Dr. John H. Krystal, world-leading expert in alcoholism and depression, will serve on scientific advisory board

VANCOUVER, June 21, 2022 (GLOBE NEWSWIRE) -- Clearmind Medicine Inc. (CSE: CMND, OTC Pink: CMNDF, FSE: CWY0) (Clearmind or the "Company"), a biotech company focused on discovery and development of novel psychedelic-derived therapeutics to solve major undertreated health problems, today announced the appointment to its Scientific Advisory Board of John Krystal, Chair of the Psychiatry Department at Yale Universitys School of Medicine.

A leading expert on alcoholism, post-traumatic stress disorder, schizophrenia, and depression, Dr. Krystals work links psychopharmacology, neuroimaging, molecular genetics, and computational neuroscience to study the neurobiology and treatment of these disorders. He is best known for leading the discovery of the rapid antidepressant effects of ketamine.

"We are truly honored to add Dr. Krystal, one of the worlds most recognized experts in alcoholism, to our Scientific Advisory Board, said Dr. Adi Zuloff-Shani, Clearmind's Chief Executive Officer. Clearmind has emphasized collaboration with scientists and clinicians at the very best academic, medical and research institutions in the world, helping us bring innovative expertise to bear on some of the most pressing global health needs.

Dr. Krystal is a Professor of Translational Research; Psychiatry, Neuroscience, and Psychology; he chairs the Department of Psychiatry at Yale University; and he is Chief of Psychiatry and Behavioral Health at Yale-New Haven Hospital. He is a graduate of the University of Chicago and the Yale University School of Medicine

Among many other positions he holds or has held, Dr. Krystal is the Director of the NIAAA Center for the Translational Neuroscience of Alcoholism and the Clinical Neuroscience Division of the VA National Center for PTSD, co-director of the Neuroscience Forum of the U.S. National Academies of Sciences, Engineering, and Medicine; and editor of Biological Psychiatry (IF=12.1). He is a member of the U.S. National Academy of Medicine and a Fellow of the American Association for the Advancement of Science.

We believe that the scientists on our Scientific Advisory Board, working closely with us to challenge, validate and guide our scientific agenda for developing breakthrough therapies that improve human mental-health at scale, increase access to care, reduce suffering and improve health outcomes around the world, said Zuloff-Shani.

About Clearmind Inc. (CSE: CMND), (OTC: CMNDF), (FSE:CWY0)

Clearmind is a new biotech company focused on the discovery and development of safe and novel psychedelic-derived therapeutics to treat alcohol use disorder and other pressing health challenges.

The Israeli Canadian company holds several patents for the non-hallucinogenic compound MEAI (5-methoxy-2-aminoindane, a novel psychoactive substance). The company intends to seek additional patents for its compounds whenever warranted and will remain opportunistic regarding the acquisition of additional intellectual property to build its portfolio.

Clearmind has established a research collaboration with the Hebrew University of Jerusalem and Bar Ilan University. The partnerships aim to expand its R&D capabilities and discover new candidate treatments for other mental health issues.
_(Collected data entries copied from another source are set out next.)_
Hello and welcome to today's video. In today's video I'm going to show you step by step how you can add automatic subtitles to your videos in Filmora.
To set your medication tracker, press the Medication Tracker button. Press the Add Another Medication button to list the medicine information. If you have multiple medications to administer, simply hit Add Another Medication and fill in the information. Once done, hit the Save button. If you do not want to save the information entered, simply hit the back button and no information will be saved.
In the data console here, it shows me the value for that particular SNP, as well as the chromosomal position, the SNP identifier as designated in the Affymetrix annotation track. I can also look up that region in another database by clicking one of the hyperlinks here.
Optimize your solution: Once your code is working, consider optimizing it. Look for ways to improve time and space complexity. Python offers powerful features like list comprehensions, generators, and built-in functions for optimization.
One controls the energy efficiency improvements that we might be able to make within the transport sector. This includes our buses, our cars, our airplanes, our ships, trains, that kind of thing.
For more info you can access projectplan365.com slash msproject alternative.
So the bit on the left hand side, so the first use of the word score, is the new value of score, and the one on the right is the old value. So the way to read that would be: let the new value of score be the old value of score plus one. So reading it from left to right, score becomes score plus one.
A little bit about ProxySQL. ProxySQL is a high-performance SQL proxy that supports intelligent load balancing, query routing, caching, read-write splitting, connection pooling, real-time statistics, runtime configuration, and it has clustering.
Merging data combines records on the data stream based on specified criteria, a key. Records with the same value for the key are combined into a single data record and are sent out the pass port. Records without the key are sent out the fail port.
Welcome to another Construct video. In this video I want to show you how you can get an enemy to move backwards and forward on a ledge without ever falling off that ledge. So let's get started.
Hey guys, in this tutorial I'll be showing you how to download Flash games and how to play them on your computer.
For further information, please contact:

Investor Relations

invest@clearmindmedicine.com

Telephone: (604) 260-1566

General Inquiries

Info@Clearmindmedicine.com

http://www.Clearmindmedicine.com

FORWARD-LOOKING STATEMENTS:

This news release may contain forward-looking statements and information based on current expectations. These statements should not be read as guarantees of future performance or results. Such statements involve known and unknown risks, uncertainties and other factors that may cause actual results, performance or achievements to be materially different from those implied by such statements. Such statements include submission of the relevant documentation within the required timeframe to the satisfaction of the relevant regulators and raising sufficient financing to complete the Company's business strategy. There is no certainty that any of these events will occur. Although such statements are based on management's reasonable assumptions, there can be no assurance that such assumptions will prove to be correct. We assume no responsibility to update or revise them to reflect new events or circumstances.

Investing into early-stage companies inherently carries a high degree of risk, and investment into securities of the Company shall be considered highly speculative.
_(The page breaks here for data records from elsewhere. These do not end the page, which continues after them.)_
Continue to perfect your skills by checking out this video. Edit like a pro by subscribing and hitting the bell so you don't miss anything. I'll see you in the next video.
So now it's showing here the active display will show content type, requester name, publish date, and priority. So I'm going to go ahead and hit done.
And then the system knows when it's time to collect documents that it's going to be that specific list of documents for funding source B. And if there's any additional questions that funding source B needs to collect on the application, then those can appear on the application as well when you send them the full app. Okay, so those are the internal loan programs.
This press release shall not constitute an offer to sell or the solicitation of an offer to buy, nor shall there be any sale of the securities in any province in which such offer, solicitation or sale would be unlawful. The securities issued, or to be issued, under the Private Placement have not been, and will not be, registered under the United States Securities Act of 1933, as amended, and may not be offered or sold in the United States absent registration or an applicable exemption from registration requirements.

Neither the Canadian Securities Exchange (the CSE) nor its Regulation Services Provider (as that term is defined in the policies of the CSE) accepts responsibility for the adequacy or accuracy of this release.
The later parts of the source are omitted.